THE STORY
Lucy believes she is the last person alive—the final inhabitant of the vast Cheyenne Mountain bunker. Once a military ark built to outlast the end of the world, it has become a sterile mausoleum humming with machinery that will survive long after she is gone. Her only connection to the life she loved is a time-travel chamber that tears her back for twelve hours at a time. Never long enough to change anything, but always long enough to hurt.
She returns for fragments she cannot bear to lose: the taste of real coffee, Roger's laugh, the warmth of her found family. Each jump ends in violent agony. Each return leaves her weaker. The past cannot be repaired, yet she keeps reaching for it.
Memory crashes over her in fragments. A sunlit café where she first met Roger. Moving in together. Wedding plans. Then the slow unraveling as the world edged toward collapse. Lucy tries again and again to warn them. Each jump places her inside moments she can witness but never redirect.

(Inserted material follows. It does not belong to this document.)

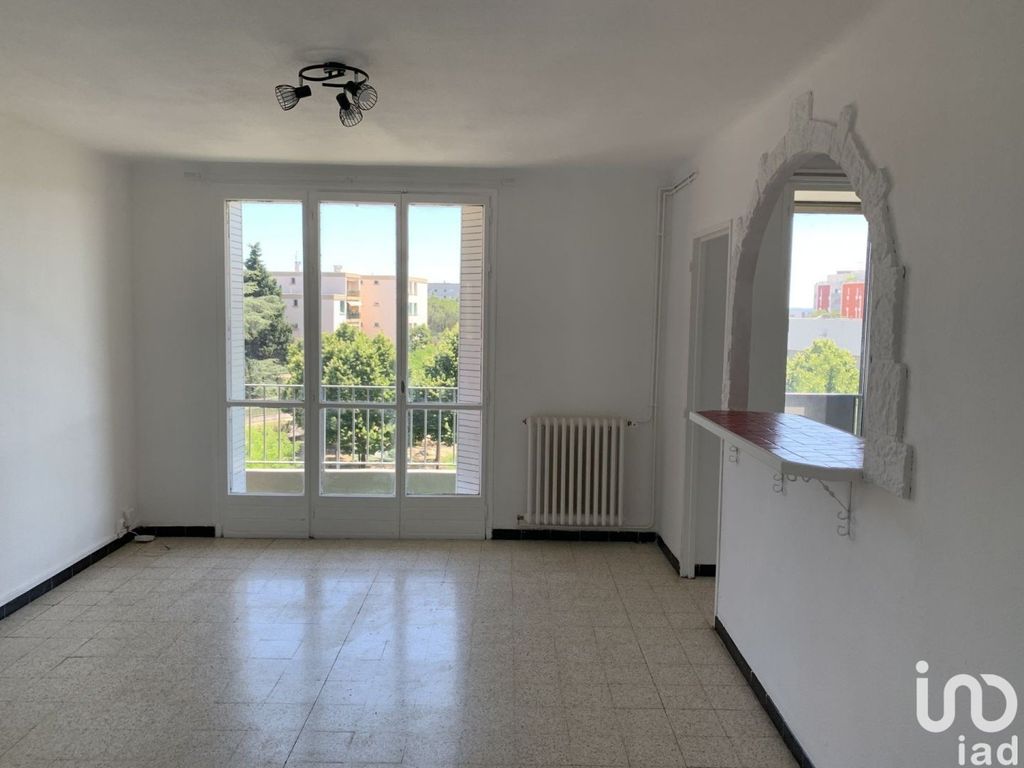 Achat appartement à vendre 3 pièces 55 m² - Nîmes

Everything shifts the day she sees movement on the surveillance monitors. Three figures stand at the mountain entrance. Three children—Tom, sharp and determined; Grace, perceptive and steady; little Lu, wide-eyed and curious. For them the bunker is mythical. For Lucy their arrival is an earthquake.
They break her decade of silence with simple needs. Hot water. Food. Crayons. Music. Their presence introduces something Lucy has long suppressed: connection. As a fragile sense of community begins to form, Lucy is forced to confront a question she has avoided for decades. Is survival enough if you are still living in yesterday?
With the children looking to her for answers, and the machine still humming in the dark, Lucy stands at a threshold she can no longer ignore. Will she make one more jump into what she has lost, or risk stepping toward a future she cannot control?